» Assignment:
Give all the lines below again, exactly, with no pictures.

» Dataset excerpt:
+===+

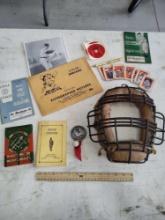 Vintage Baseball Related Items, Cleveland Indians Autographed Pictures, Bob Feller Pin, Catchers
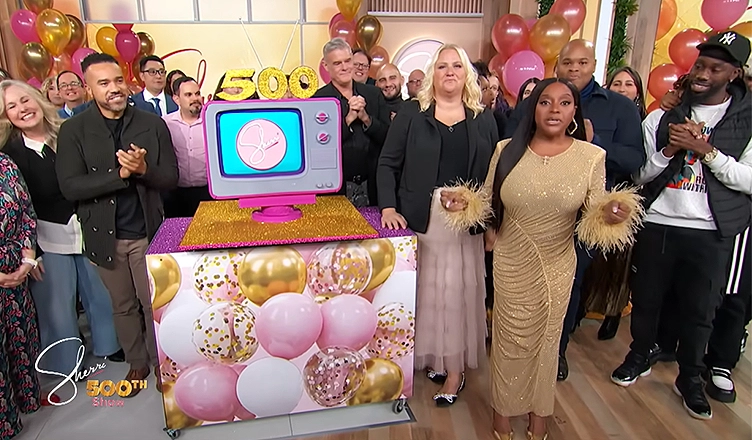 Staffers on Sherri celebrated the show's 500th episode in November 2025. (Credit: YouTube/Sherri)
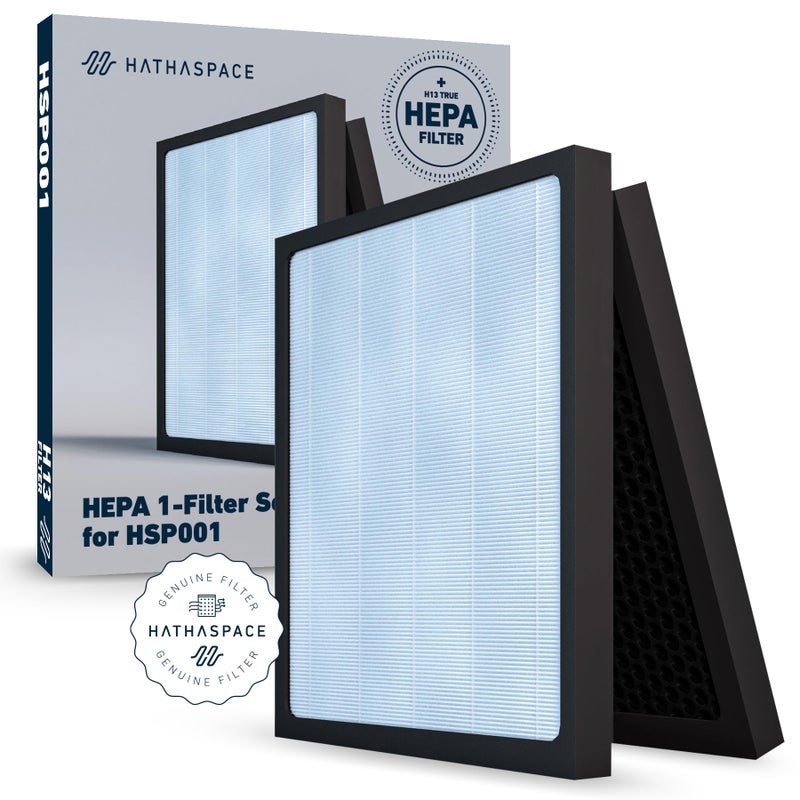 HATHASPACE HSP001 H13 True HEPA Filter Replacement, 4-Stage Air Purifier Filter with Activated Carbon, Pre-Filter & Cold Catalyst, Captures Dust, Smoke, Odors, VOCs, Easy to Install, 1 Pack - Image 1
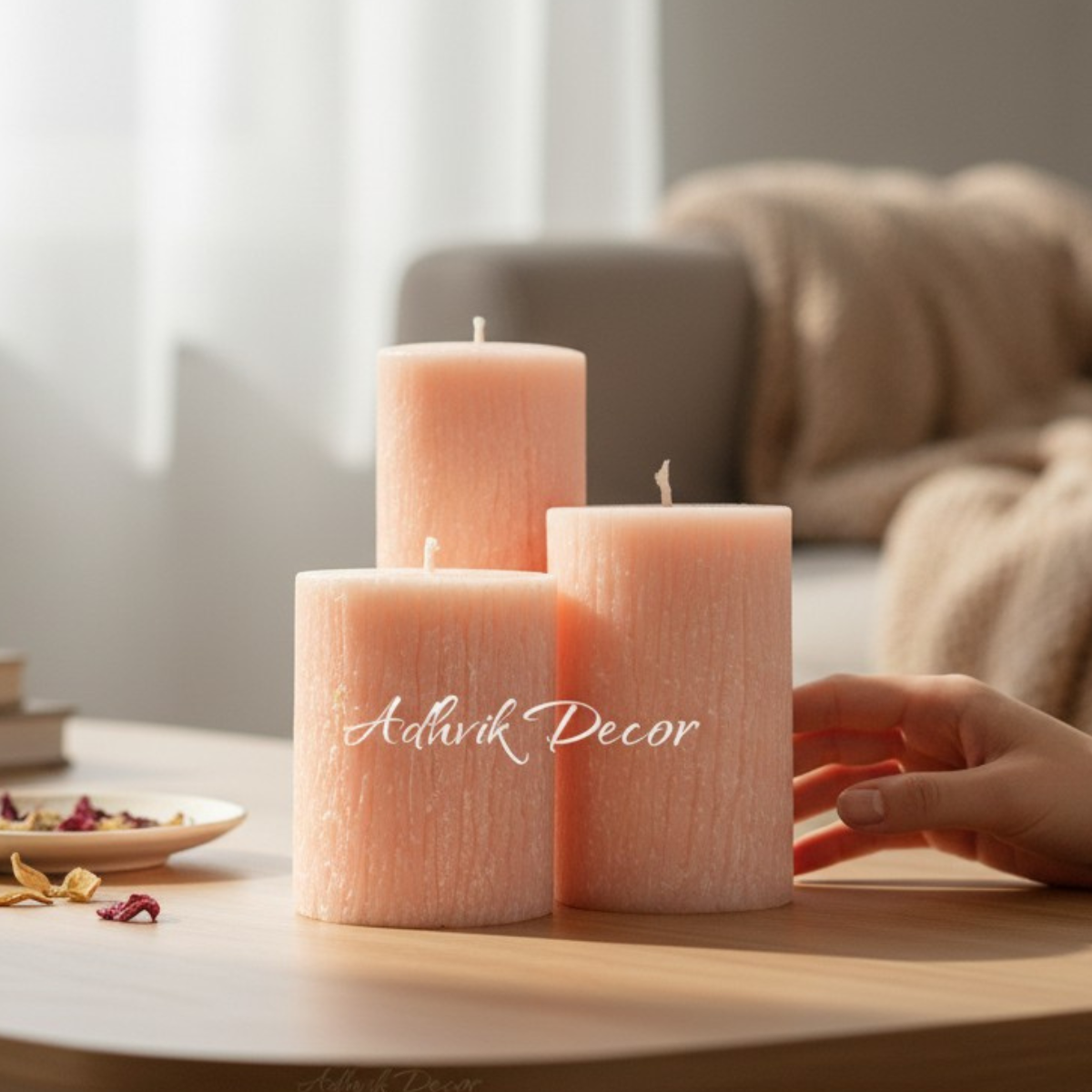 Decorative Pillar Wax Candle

+===+

» Solved exercise:
 Vintage Baseball Related Items, Cleveland Indians Autographed Pictures, Bob Feller Pin, Catchers
 Staffers on Sherri celebrated the show's 500th episode in November 2025. (Credit: YouTube/Sherri)
 HATHASPACE HSP001 H13 True HEPA Filter Replacement, 4-Stage Air Purifier Filter with Activated Carbon, Pre-Filter & Cold Catalyst, Captures Dust, Smoke, Odors, VOCs, Easy to Install, 1 Pack - Image 1
 Decorative Pillar Wax Candle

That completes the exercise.